Until recently, it was thought that only humans were capable of mourning dead loved ones. Only humans, the theory went, were capable of grasping the concept of death and loss.

That view has been shattered as biologists spend more time observing other animals.

Elephants have been captured on video mourning dead family members and showing fascination in the deaths of strangers. Whales have been spotted holding the bodies of dead pod members for long periods before finally releasing them into the depths, which biologists say is a display of grief.

It’s not limited to mammals. Crows and their close relatives also appear to have rituals for mourning dead flockmates with “funerals.”

Koko the gorilla was able to share her emotions through sign language, including expressing grief when her kitten died.

Now, a new video released by the Daily Mail shows another gorilla grieving and adds to the body of evidence that humans are not alone in honoring the dead.

A team of researchers studying gorillas in Rwanda’s Volcanoes National Park were able to observe how different groups of gorillas reacted to three separate deaths. In all three cases, the gorillas gathered around their dead, groomed them and touched them.

In the heart-wrenching video, a young mountain gorilla was captured on film grooming its dead mother. The young gorilla, who had already been weaned, even tried to “comfort nurse.” Not shown in the video, an older son was spotted beating his chest in obvious distress over the corpse.

In another case, a group of Grauer’s gorillas found a dead male unrelated to them.

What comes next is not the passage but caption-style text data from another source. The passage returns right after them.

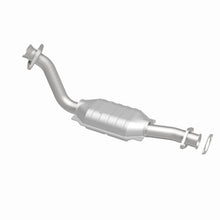 Load image into Gallery viewer, MagnaFlow Exhaust Products 93385 Standard Grade Direct-Fit Catalytic Converter for Select Ford Crown Victoria, Lincoln Town Car, Mercury Grand Marquis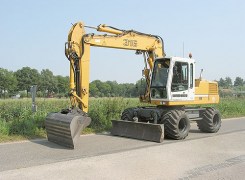 Услуги по аренде экскаватора колесного Liebherr A316 Litronic в Бресте и Брестской области по низким ценам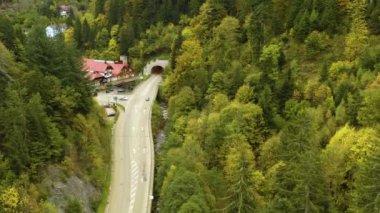 Sonbaharda bulutlu bir günde, Almanya 'nın kuzeyindeki Triberg ana caddesinin hava görüntüsü,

“Our observations were surprising because not only did almost all individuals in the Grauer’s gorilla group engage with the corpse of the silverback, their behavioral responses were strikingly similar to those of the mountain gorillas around the corpses of established group members,” said Dr. Amy Porter of the Dian Fossey Fund. “Most notably, individuals in all three cases typically sat close to the corpse and stared at it.”

In the two mountain gorilla cases, where the dead gorillas were members of the group, the gorillas who spent the most time with the deceased also spent the most time with the corpse.

“Among primates, especially great apes, there is compelling evidence from behavioural and physiological responses to death that they do grieve,” Porter said. “Observations may suggest that humans are not unique in their capacity to grieve.”

While mourning dead group members seems to be the most obvious explanation, Porter does note that the gorillas may also be fascinated with death. They didn’t just sit vigil, she told the Mail.

“They also touched, licked, sniffed, and groomed the corpse,” Porter said. “The behaviors may partially be explained by a general curiosity with death.”

This has raised researchers’ concerns. Gorillas can contract and spread the ebola virus.

“Given the severe health risks that can accompany close inspection of corpses, it is curious why the behaviour occurs so widely among animals, especially primates,” Porter said.